[Work to complete] Up to and including the line that contains "SPATA6 / SRF-1", repeat the entries below exactly from the first line on. Do not carry over any pictures.

[Working data]
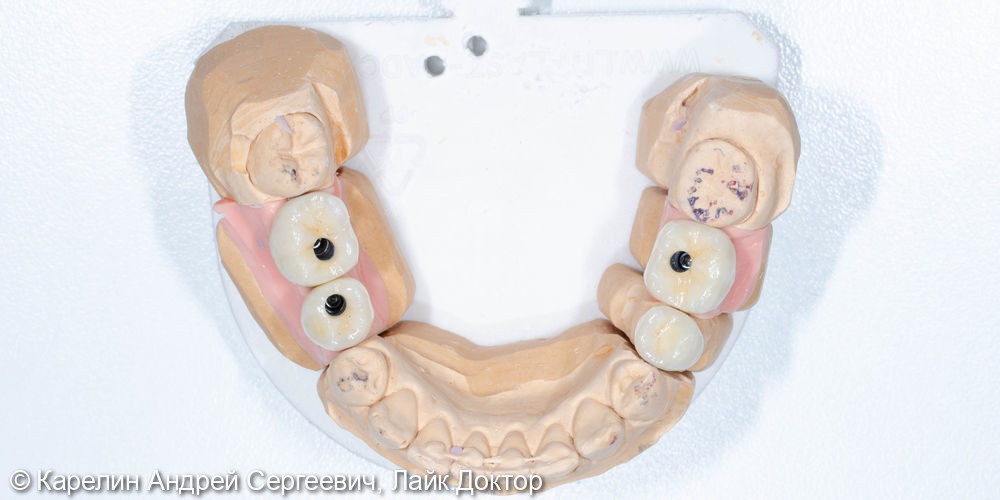 Реабилитация пациентки с помощью ортодонтического лечения, имплантатов и коронок - фото №10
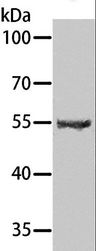 SPATA6 / SRF-1 Antibody - Western blot analysis of Human testis tissue, using SPATA6 Polyclonal Antibody at dilution of 1:1000.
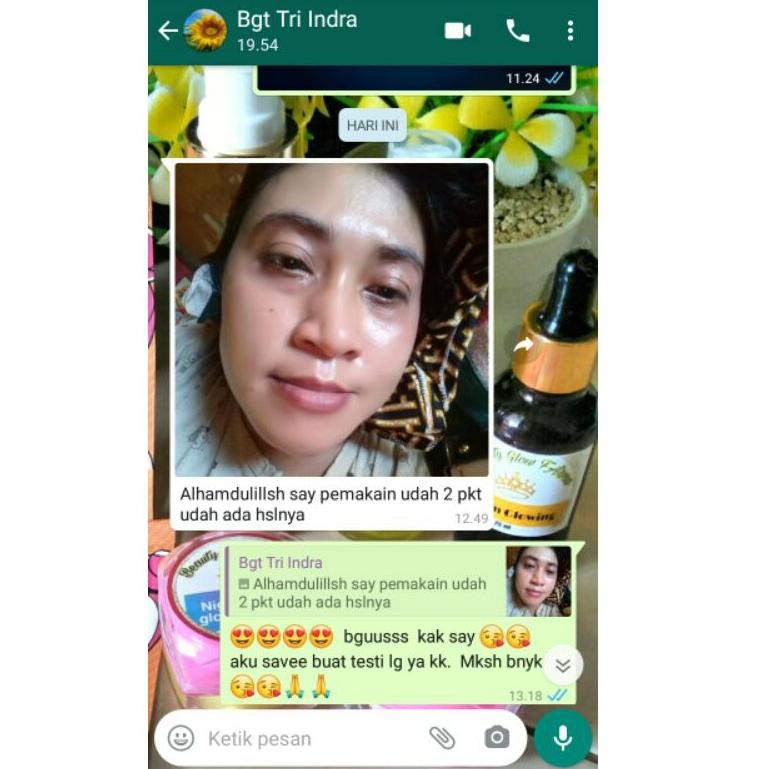 [KODE NB9DG] Paket Acne Glowing Beauty Glow Farma Ori Free Salep Jerawat & Pouch Cantik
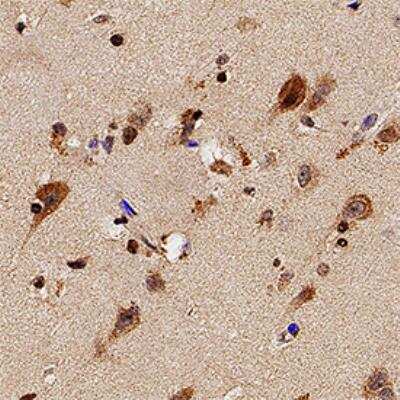 Immunohistochemistry-Paraffin: TLR7 Antibody [NB100-56588]
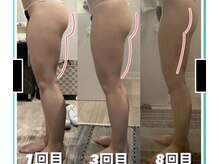 痩身革命 大宮店の雰囲気（【本格！短期集中】ブライダル1ヶ月でこの効果[痩身]）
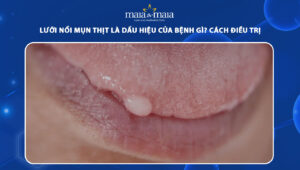 lưỡi nổi mụn thịt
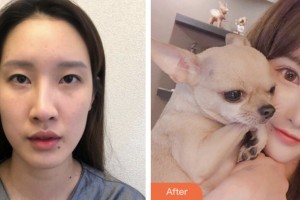 鹽城市第一人民醫(yī)院燒傷整形科葛乃航整形價(jià)格表附眼部綜合案例展示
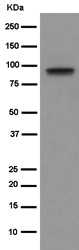 Western blot - Anti-Cenexin1/ODF2 antibody [EPR13561] (AB186412), expandable thumbnail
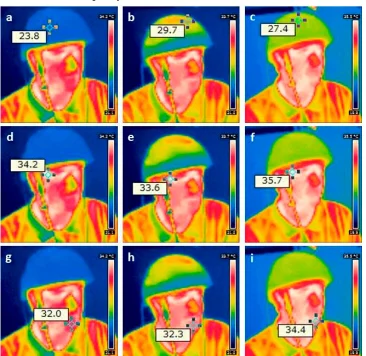 1070nm Led Helmet Natural Treatment for Stroke Parkinson Alzheimer Depression Infrared Light Brain Photobiomodulation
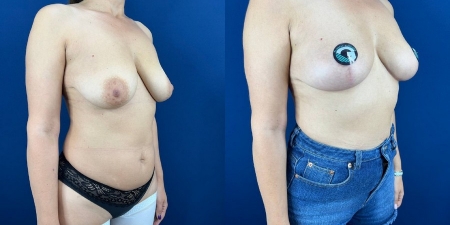 Увеличение груди до после – фото 70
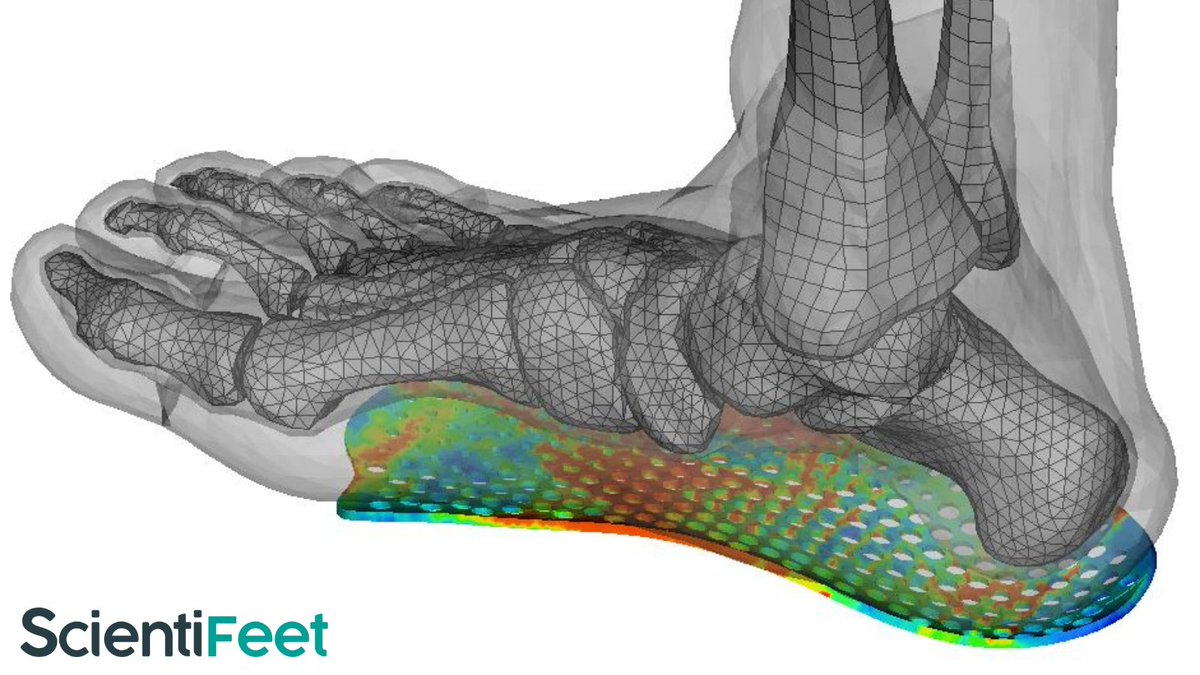 ScientiFeet's tweet photo. #podologue #podologie #podologia #pharmacy #pharamcie #Sante 
Retrouver plus d'informations sur notre site web : https://t.co/BDBbFZiEZN https://t.co/GG5eHx04bR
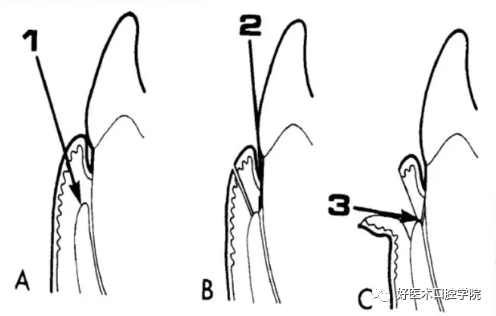 牙周翻瓣术图文讲解，你想知道的这里都有！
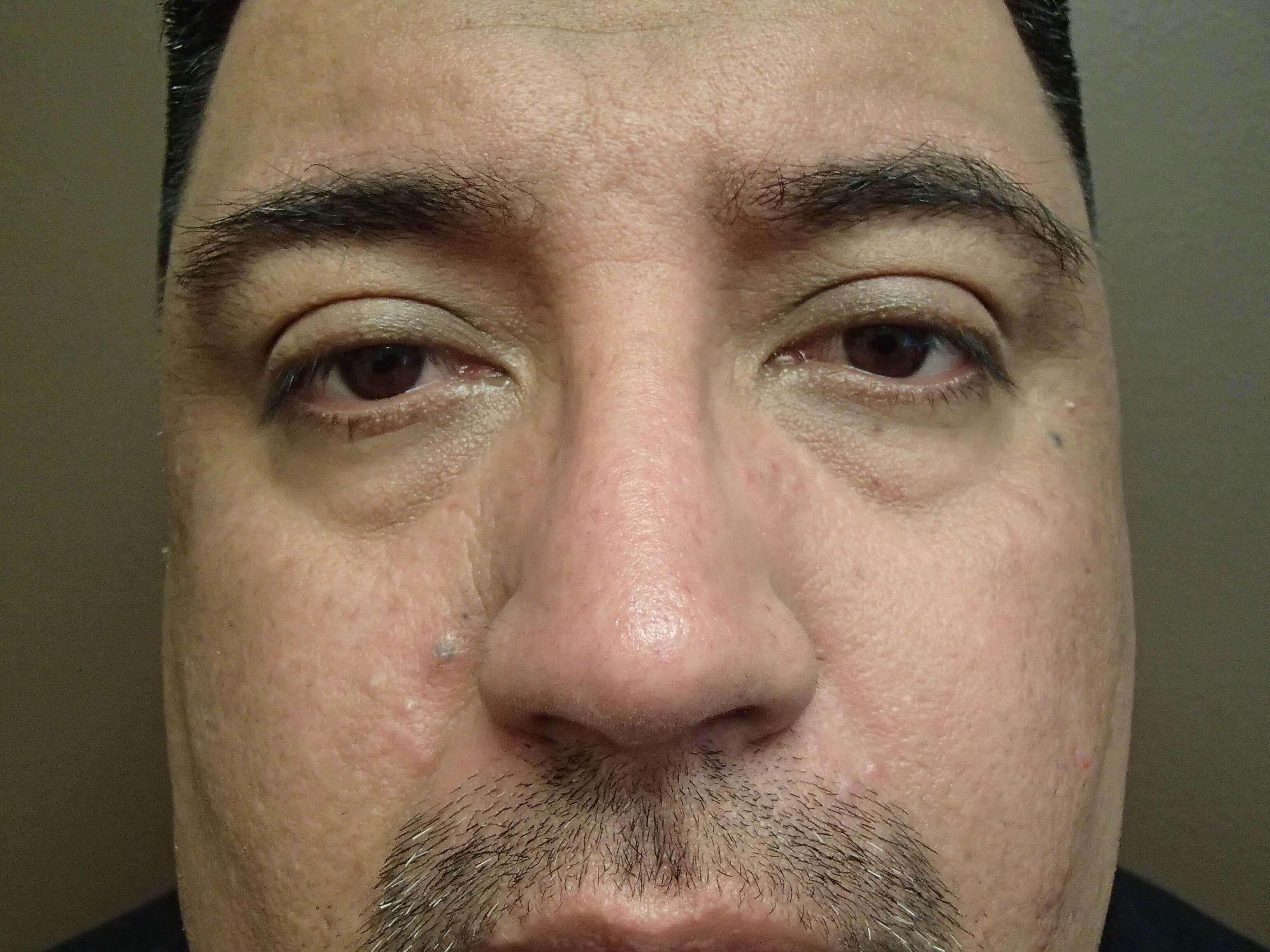 Rhinoplasty (Nose Job) After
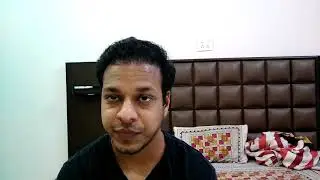 Mobile number and Progress report of my hair transplant on Day 170 - 22nd May 2021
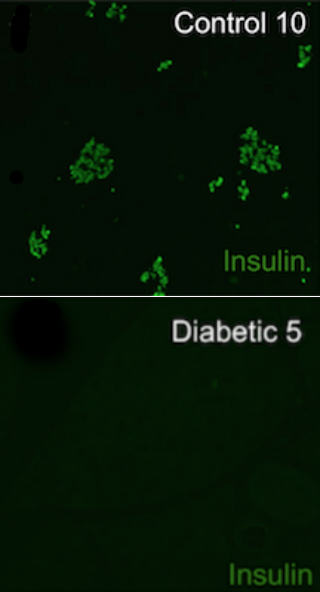 Study: Researchers Highlight Underlying Cause of Diabetes in Dogs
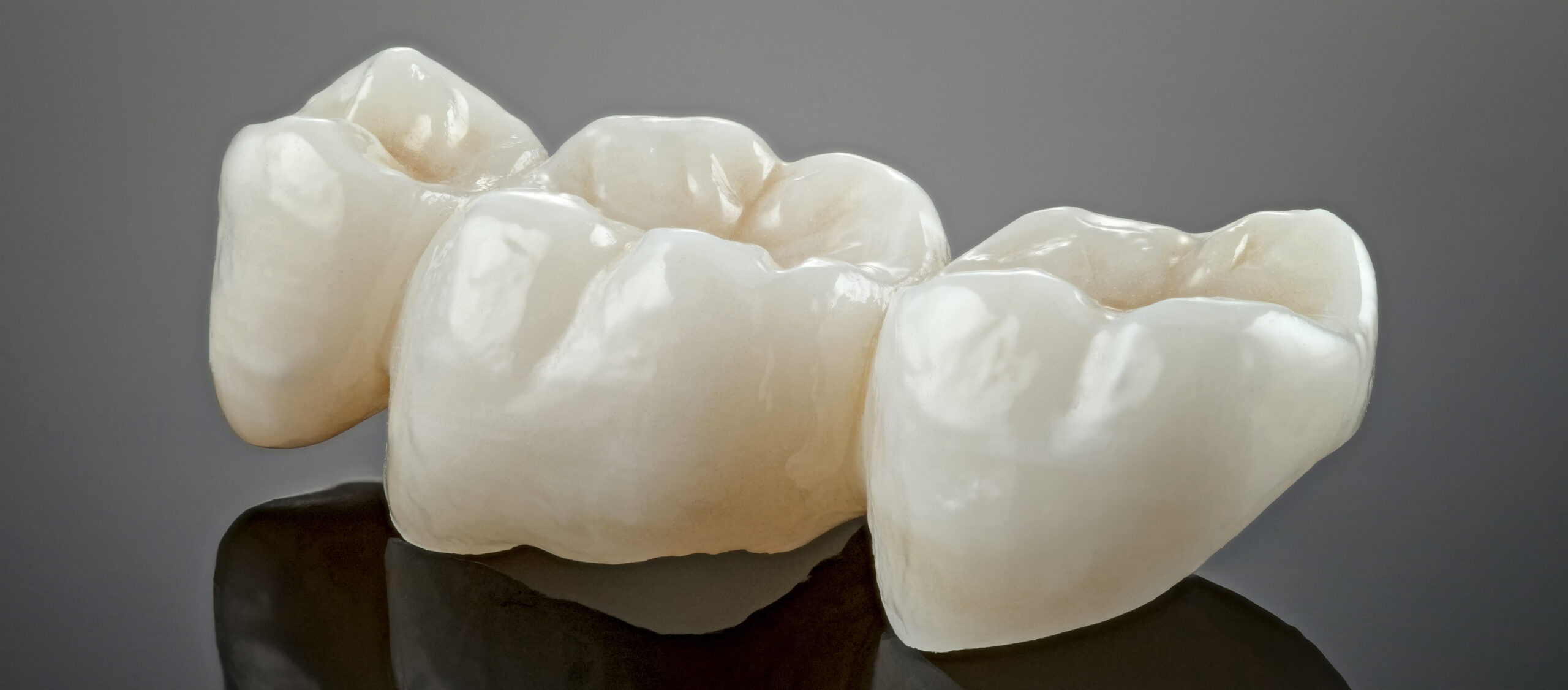 How Long Do Dental Crowns Last?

[Exercise result]
 Реабилитация пациентки с помощью ортодонтического лечения, имплантатов и коронок - фото №10
 SPATA6 / SRF-1 Antibody - Western blot analysis of Human testis tissue, using SPATA6 Polyclonal Antibody at dilution of 1:1000.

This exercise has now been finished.